Chuckling, Etta patted his hand. “Joshua, men who are all rakish charm and promise of trouble to come have given women the jitters since the beginning of time. You’re no exception.”

“You think that’s it? My charm made Regan itchy?”

“What else could it be?”

“Yeah, what else?” He thought about how effectively she had evaded his questions, divulging next to nothing about herself. “Does Regan have a last name?”

“Doesn’t everyone? Hers is Ford.”

“Regan Ford,” he said, trying it out. Regan Ford, hailing from no particular place, yet sounding to him more like the deep South than anywhere else. “I take it you checked her employment record and references before you hired her?”

“I didn’t need to. My instincts told me to take a chance on her. She’s living in the apartment over the tavern.”

With the kitten now propped on his shoulder, Josh crossed his forearms on the table. “You gave her a job and a place to live without running a background check? That’s not wise, Etta.”

“My late husband had a philosophy about the tavern business. Never water down the whiskey and, when it comes to employees, follow your heart.” She raised a shoulder. “I had a good feeling about Regan, so I offered her the job. The apartment over the tavern was empty, so why not let her live there?”

“Why not check her out first?”

“Like I said, I had a good feeling about her. Anyway, I had her work the same shift I did the first month she was here. Time has proven me right about Regan. She works like a trooper. The register has never come up short on her shift. Now that I’m stove up, Regan adds up all the receipts, makes the bank deposits and balances the books. She handles the ordering. You think either Howie or Deni, or any of my day workers could do that without making a mess of things?”
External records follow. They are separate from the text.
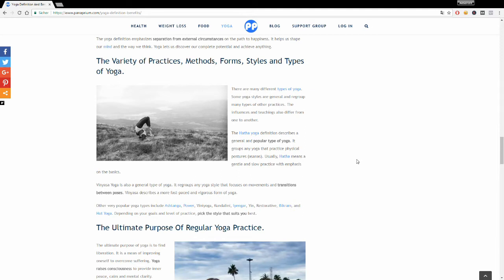Other very popular yoga types include Ashtanga yoga, Power yoga, Vini yoga, Kundalini yoga, Iyengar yoga, Yin yoga, Restorative yoga, Bikram yoga, and Hot yoga.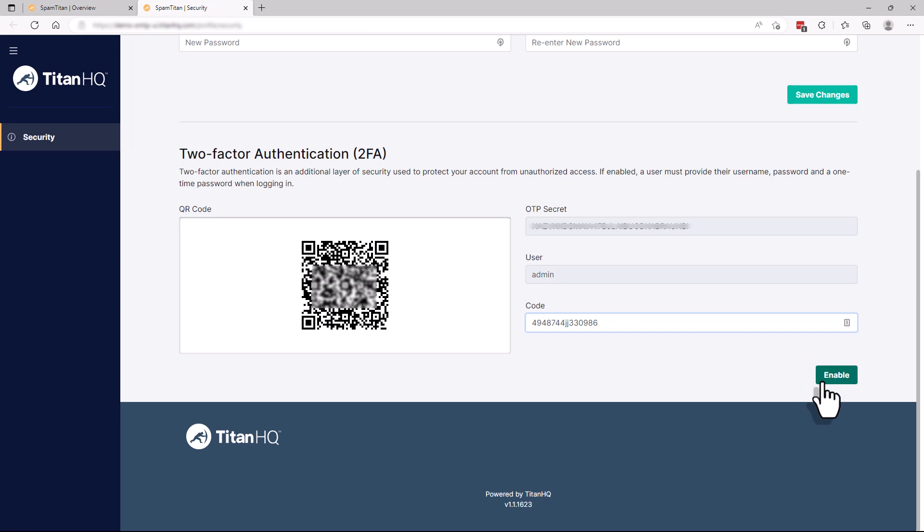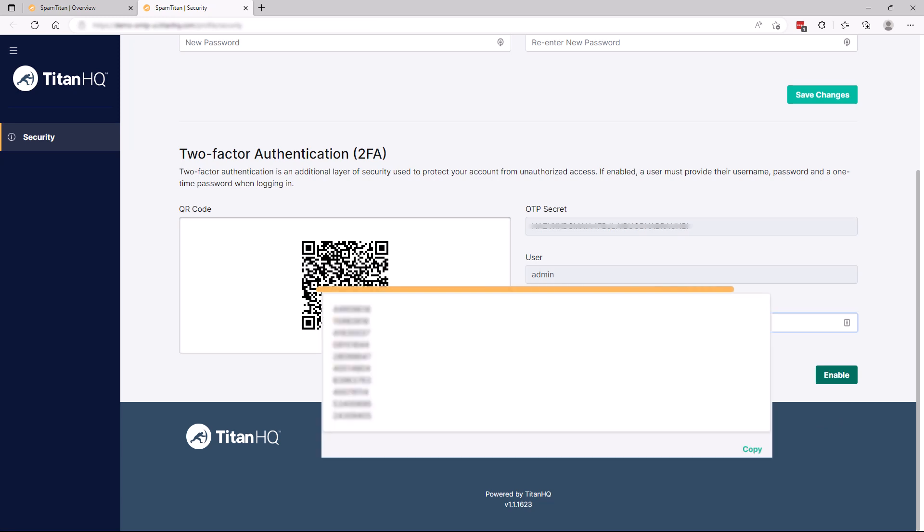Note, this applies to two-factor authentication for the logged-in user only. Copy and save your recovery codes.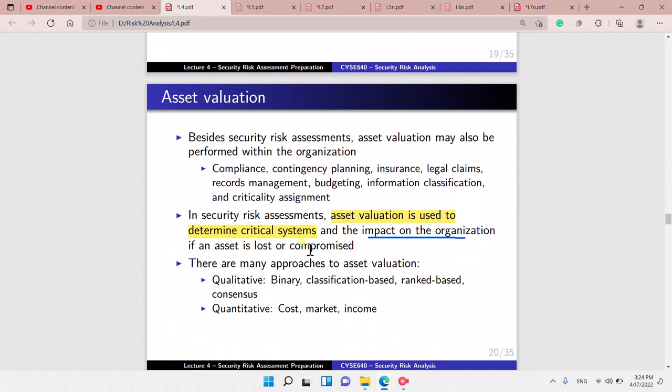A general asset list is a really long list. An asset could be information, could be equipment, could be personnel like staff, could be infrastructure, could be facilities, or could be inventory. We value the asset — besides security risk assessments, asset valuation may also be performed within the organization for compliance, contingency planning, insurance, legal claims, records management, budgeting, information classification, and criticality assignment.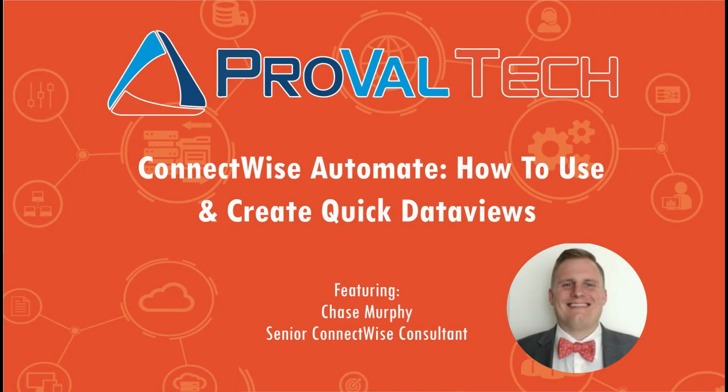So that's just a quick tip on how to use data views. So thank you for watching. We're going to try to post a new video every week to share our knowledge on Automate.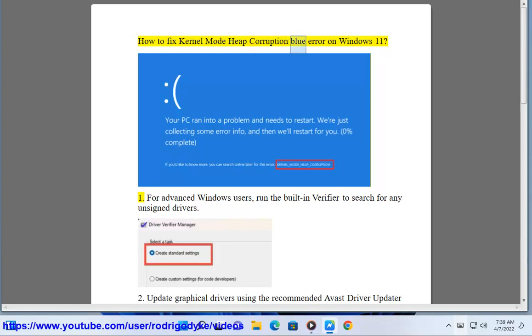How to fix Kernel Mode Heap Corruption Blue Screen error on Windows 11. For advanced Windows users, run the built-in verifier to search for any unsigned drivers.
“I doubt it.” Like most cops, he had a healthy distrust of all mankind. Knowing that Etta had turned over her bank account to a woman she hadn’t checked out didn’t sit well. At all.

“Regan’s got a caring soul,” Etta continued. “The day cook makes me lunch and Regan brings it here. She takes the time to sit with me on the porch and visit. She runs the vacuum and dusts. Does my marketing. And cooks dinner for A.C. and me here every Sunday on her night off.”

“You ever ask Mystery Woman where she’s from? Where she’s worked?”

“No.”

He settled his hand on Etta’s. “You’re letting a woman you know nothing about handle your money and basically run your business. Who’s to say she won’t empty your bank account and disappear? Let me look into her background. Check her references. I can call Nate, have him run her through the national crime database.”

Etta’s blue eyes met his squarely. “Joshua McCall, do you own a part interest in my tavern?”

He sighed. “No, ma’am.”

“Then leave my business to me. I may not know everything about Regan, but I know what matters.”